I have a list of duplicates which can have different capitalisation. For example:

li = ['Peter', 'PETER']

I tried:

[out.append(x) for x in li if x not in out]

Which works well for the same case capitalisation but not different.

Help would be appreciated.

Stanislav Jirak
  • 725
  • 1
  • 7
  • 22

5 Answers5

3

You can "normalize" each name by using str.title then use a set comprehension to narrow down to unique items

>>> names = ['Peter', 'PETER', 'peter', 'Tom', 'TOM', 'Beth', 'beth']
>>> {i.title() for i in names}
{'Tom', 'Beth', 'Peter'}
Cory Kramer
  • 114,268
  • 16
  • 167
  • 218
  • 1
    This doesn't actually remove duplicates, just gets a list of unique names, all with title case. But it doesn't keep the original casing of the first item – tituszban Jun 28 '21 at 12:48
  • @tituszban And where did you interpret that requirement from the OP's question? And turning this set back into a list is trival afterwards. `names = list({i.title() for i in names})` that's it. The fact that it creates a new list instead of modifying the existing list is a semantic detail. – Cory Kramer Jun 28 '21 at 12:50
  • It's not tho. OP says remove duplicates. That can indicate keeping the first casing, assuming the casing does matter. By applying `.title()` you assume the OP wants all the names in that casing, which is not in the request. Your approach does two things at once, remove duplicates and set the casing of every result. OP only asked for the first. – tituszban Jun 28 '21 at 12:55
1

You need to check with uniform capitalisation:

li = ['Peter', 'PETER']

uniques = []

for l in li:
    if l.lower() in [u.lower() for u in uniques]:  # Check if current item (all lower case) is in the items already stored (each of them lower case)
        continue
    uniques.append(l)
tituszban
  • 4,797
  • 2
  • 19
  • 30
1

You could trasnsform your list to get duplicates and then try using set.
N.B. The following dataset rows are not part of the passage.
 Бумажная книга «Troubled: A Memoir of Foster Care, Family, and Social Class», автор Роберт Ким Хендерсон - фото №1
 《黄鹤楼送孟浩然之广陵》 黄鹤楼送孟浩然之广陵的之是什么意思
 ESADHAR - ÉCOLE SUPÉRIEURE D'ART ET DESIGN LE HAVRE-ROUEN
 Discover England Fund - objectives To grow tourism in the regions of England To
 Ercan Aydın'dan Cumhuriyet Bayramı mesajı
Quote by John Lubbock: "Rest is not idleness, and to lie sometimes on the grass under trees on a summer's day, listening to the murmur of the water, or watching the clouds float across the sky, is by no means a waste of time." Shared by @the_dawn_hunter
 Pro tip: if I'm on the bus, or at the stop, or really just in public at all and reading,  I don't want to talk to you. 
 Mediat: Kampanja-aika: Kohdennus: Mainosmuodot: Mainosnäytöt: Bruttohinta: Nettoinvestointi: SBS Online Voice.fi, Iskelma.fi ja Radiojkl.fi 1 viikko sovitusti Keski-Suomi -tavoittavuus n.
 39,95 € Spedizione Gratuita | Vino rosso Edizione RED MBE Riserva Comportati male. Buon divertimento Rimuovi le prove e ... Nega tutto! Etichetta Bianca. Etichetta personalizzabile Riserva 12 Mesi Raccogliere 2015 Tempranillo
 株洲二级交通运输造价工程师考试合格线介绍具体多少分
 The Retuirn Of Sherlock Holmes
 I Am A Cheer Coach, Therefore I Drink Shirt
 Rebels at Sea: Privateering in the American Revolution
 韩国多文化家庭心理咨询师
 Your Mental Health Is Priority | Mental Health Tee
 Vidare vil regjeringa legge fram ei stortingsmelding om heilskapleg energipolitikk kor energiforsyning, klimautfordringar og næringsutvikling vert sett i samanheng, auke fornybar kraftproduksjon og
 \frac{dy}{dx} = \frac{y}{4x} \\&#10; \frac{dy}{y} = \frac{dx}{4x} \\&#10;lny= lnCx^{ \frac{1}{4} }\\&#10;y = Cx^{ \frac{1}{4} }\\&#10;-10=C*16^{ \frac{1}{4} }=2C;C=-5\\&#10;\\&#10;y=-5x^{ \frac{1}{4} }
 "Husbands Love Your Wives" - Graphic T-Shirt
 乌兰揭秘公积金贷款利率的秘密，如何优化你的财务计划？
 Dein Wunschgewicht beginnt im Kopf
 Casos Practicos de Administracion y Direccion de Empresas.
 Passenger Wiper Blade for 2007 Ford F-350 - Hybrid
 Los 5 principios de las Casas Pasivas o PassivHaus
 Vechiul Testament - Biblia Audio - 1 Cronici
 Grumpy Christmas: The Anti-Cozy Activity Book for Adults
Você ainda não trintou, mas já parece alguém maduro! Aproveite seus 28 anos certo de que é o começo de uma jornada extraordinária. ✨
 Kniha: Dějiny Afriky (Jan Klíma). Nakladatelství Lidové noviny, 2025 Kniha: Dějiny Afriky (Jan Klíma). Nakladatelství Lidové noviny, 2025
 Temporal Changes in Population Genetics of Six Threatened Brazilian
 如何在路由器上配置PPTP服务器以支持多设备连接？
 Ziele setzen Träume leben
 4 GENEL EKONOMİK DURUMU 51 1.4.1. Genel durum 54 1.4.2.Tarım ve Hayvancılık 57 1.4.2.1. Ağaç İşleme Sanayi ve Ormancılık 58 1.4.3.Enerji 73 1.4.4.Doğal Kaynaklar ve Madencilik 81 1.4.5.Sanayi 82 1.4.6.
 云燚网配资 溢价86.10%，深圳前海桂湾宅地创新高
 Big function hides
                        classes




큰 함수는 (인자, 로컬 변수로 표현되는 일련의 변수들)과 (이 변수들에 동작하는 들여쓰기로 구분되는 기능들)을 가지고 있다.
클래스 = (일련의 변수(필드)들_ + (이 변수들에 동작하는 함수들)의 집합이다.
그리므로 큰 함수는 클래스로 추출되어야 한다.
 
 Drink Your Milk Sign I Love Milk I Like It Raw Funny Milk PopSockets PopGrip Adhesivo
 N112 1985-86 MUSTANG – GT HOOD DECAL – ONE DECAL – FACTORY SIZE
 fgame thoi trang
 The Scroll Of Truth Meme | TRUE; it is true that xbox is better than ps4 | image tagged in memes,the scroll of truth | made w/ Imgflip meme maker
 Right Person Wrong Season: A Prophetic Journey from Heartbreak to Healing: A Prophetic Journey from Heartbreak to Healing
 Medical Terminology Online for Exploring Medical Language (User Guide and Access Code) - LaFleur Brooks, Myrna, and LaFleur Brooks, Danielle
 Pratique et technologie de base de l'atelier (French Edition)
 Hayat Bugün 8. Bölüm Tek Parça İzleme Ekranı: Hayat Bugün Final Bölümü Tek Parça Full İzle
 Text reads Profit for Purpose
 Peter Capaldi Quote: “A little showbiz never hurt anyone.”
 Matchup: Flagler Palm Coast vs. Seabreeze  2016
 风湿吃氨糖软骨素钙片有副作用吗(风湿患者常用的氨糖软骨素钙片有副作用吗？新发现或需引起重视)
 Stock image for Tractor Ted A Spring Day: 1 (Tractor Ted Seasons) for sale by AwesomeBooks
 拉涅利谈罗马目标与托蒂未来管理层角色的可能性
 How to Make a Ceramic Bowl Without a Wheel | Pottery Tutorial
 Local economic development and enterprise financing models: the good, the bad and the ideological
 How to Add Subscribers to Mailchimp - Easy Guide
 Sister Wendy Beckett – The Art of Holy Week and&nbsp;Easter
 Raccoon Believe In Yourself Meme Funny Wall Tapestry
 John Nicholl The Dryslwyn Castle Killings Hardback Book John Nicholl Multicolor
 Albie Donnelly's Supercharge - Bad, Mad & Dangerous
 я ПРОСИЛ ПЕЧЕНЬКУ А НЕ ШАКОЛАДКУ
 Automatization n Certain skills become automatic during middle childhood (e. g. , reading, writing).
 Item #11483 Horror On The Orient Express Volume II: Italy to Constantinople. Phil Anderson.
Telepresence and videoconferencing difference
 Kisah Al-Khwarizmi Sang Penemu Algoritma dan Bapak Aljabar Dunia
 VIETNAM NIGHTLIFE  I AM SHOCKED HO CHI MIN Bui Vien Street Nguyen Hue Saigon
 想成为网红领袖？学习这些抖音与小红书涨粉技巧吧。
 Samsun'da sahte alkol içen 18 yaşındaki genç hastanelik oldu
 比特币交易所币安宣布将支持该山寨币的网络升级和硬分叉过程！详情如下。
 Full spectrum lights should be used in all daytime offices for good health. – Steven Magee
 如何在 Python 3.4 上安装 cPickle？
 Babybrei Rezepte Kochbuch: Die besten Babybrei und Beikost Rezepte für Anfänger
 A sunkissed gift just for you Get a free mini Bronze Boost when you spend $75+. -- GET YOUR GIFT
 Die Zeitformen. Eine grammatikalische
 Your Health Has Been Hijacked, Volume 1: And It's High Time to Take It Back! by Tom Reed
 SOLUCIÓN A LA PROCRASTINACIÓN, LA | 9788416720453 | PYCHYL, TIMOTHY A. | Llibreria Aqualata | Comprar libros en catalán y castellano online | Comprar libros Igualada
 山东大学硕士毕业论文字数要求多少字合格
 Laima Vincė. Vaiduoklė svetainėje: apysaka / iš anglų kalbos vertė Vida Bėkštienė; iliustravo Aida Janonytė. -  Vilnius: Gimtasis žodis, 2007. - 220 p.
li2 = set([x.title() for x in li])

This will eliminate any duplicates

Jofre
  • 3,718
  • 1
  • 23
  • 31
birgador
  • 101
  • 4
  • This doesn't actually remove duplicates, just gets a list of unique names, all with title case. But it doesn't keep the original casing of the first item – tituszban Jun 28 '21 at 12:48
1

If you want to keep the first version:

s = set()
out = []

for x in li:
    if x.lower() not in s:
        out.append(x)
    else:
        s.add(x.lower())
user2390182
  • 72,016
  • 6
  • 67
  • 89
1

You should ignore capitalization when building your set. When you want to test inclusion in the set you should also ignore the case:

li = ['Peter', 'PETER']
li2 = {l.lower() for l in li}

name = "Peter"

if name.lower() in li2:
  ...
Louis Lac
  • 5,298
  • 1
  • 21
  • 36